Uribe, siempre consciente del lenguaje del poder, se ubicó en el centro del escenario. No habló de su proceso, pero tampoco lo esquivó. Su sola presencia, en un foro de tal magnitud, fue una declaración política. Los rumores sobre una posible aspiración suya a la vicepresidencia o al Senado empezaron a cobrar fuerza en los pasillos. Aunque no lo confirmó, tampoco lo descartó. En política, a veces el silencio también es estrategia. Lo cierto es que el expresidente está calibrando sus movimientos, midiendo fuerzas, y, sobre todo, tanteando el terreno para lo que podría ser su último acto electoral.
El contexto no es menor. El país atraviesa un momento de polarización aguda, con un gobierno de izquierda que ha perdido buena parte de su capital político inicial y una oposición fragmentada, que hasta ahora no ha logrado articular un relato común. Uribe, con su instinto intacto, ve la oportunidad de presentarse no como un candidato, sino como el gran articulador de una alianza amplia, que incluya desde el empresariado hasta sectores conservadores liberales, pasando por evangélicos y uribistas tradicionales. La seguridad, más que un tema, se convierte en la excusa narrativa para reconstruir el proyecto político que lo llevó al poder hace más de dos décadas.

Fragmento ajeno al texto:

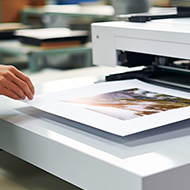 Business concept. Top view photo of workplace stack of pink diar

El simbolismo del foro es tan poderoso como sus implicaciones prácticas. Allí se sentaron figuras que compiten por los mismos votos, pero que, por primera vez en años, hablaron de unidad. La fotografía del evento podría convertirse en el primer borrador de una coalición real, si logran superar sus egos y diferencias. Y aunque aún no hay humo blanco, la estrategia ya está en marcha. Uribe, como un viejo ajedrecista, movió su primera torre. El jaque todavía está lejos, pero la partida ha comenzado.
Queda en el aire, sin embargo, la gran pregunta: ¿hasta qué punto puede liderar Uribe una coalición mientras enfrenta un proceso judicial de alto calibre? ¿No será su propia figura el principal obstáculo para consolidar la unidad? La política colombiana, sin embargo, ha demostrado ser más pragmática que moralista, y no sería la primera vez que un político cuestionado vuelve al centro del juego por pura fuerza electoral. En este país, la memoria es frágil y las pasiones pesan más que los antecedentes.
Mientras tanto, el país político mira hacia Medellín, donde Uribe sigue tejiendo en silencio. El fallo judicial será un parteaguas, pero el expresidente ya dejó claro que no esperará de brazos cruzados. Con un foro, una foto y una narrativa, volvió a poner su nombre en el corazón del debate electoral. Y en Colombia, donde todo puede cambiar en un suspiro, eso basta para encender las alarmas y reconfigurar el mapa.